The Sellers have agreed, subject to certain exceptions and limitations, to indemnify the Company for certain damages, including damages it may incur related to breaches of DDI's and the Sellers’ representations and warranties in the Purchase Agreement if the amount of damages covered by each such claim exceeds $50,000, and the aggregate amount of damages covered by such claims exceeds $1 million. The foregoing right to indemnification is also subject to a $250,000 deductible and a cap equal to the Holdback Amount plus 10% of any Earn-Out Payments. The Sellers have also agreed to indemnify the Company for damages incurred relating to: (i) breaches of DDI's, the Sellers’ and the Sellers’ Agent’s covenants and obligations under the Purchase Agreement, (ii) certain claims asserted by current or former securityholders of DDI and (iii) certain pre-closing liabilities of DDI, which are not subject to the thresholds, deductible and cap described above. Under the terms of the Purchase Agreement, the Company will be entitled to set-off any indemnification claims it may have against payment of the Holdback Amount and any Earn-Out Payments.

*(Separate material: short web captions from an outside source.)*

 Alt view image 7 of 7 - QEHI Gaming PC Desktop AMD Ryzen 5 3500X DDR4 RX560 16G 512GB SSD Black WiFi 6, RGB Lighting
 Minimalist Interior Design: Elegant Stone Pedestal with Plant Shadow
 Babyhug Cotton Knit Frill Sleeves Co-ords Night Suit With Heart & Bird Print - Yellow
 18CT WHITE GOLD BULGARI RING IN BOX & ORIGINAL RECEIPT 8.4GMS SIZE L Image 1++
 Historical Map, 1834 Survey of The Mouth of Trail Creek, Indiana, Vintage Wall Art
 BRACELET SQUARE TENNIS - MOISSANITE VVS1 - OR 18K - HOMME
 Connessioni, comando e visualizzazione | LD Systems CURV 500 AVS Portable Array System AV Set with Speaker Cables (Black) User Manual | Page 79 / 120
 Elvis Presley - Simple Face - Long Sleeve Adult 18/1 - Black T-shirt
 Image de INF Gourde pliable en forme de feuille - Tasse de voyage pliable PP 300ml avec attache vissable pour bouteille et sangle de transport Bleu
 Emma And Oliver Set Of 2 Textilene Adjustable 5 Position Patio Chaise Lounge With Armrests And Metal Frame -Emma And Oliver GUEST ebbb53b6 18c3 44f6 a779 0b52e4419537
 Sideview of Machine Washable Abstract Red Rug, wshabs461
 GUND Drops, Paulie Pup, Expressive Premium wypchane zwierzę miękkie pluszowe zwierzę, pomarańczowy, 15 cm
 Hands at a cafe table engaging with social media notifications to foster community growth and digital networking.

Completion of the Acquisition is subject to customary closing conditions, including expiration or termination of the waiting period under the Hart-Scott-Rodino Antitrust Improvements Act (“HSR”). The HSR waiting period is scheduled to expire at 11:59 p.m. EST on January 17, 2012. The Purchase Agreement provides for certain termination rights for the Company and DDI, including the right of either to terminate the Purchase Agreement under certain circumstances if the Acquisition has not been completed on or prior to February 10, 2012.
On January 12, 2012, the Company issued a press release announcing its entry into the Purchase Agreement.
A copy of the press release is furnished with this Form 8-K and attached hereto as Exhibit 99.1. Exhibit 99.1 shall not be deemed “filed” for purposes of Section 18 of the Securities Exchange Act of 1934, as amended (the “Exchange Act”), or otherwise subject to the liabilities under that Section and shall not be deemed to be incorporated by reference into any filing of the Company under the Securities Act of 1933, as amended, or the Exchange Act.
Pursuant to the requirements of the Securities Exchange Act of 1934, the registrant has duly caused this report to be signed on its behalf by the undersigned hereunto duly authorized.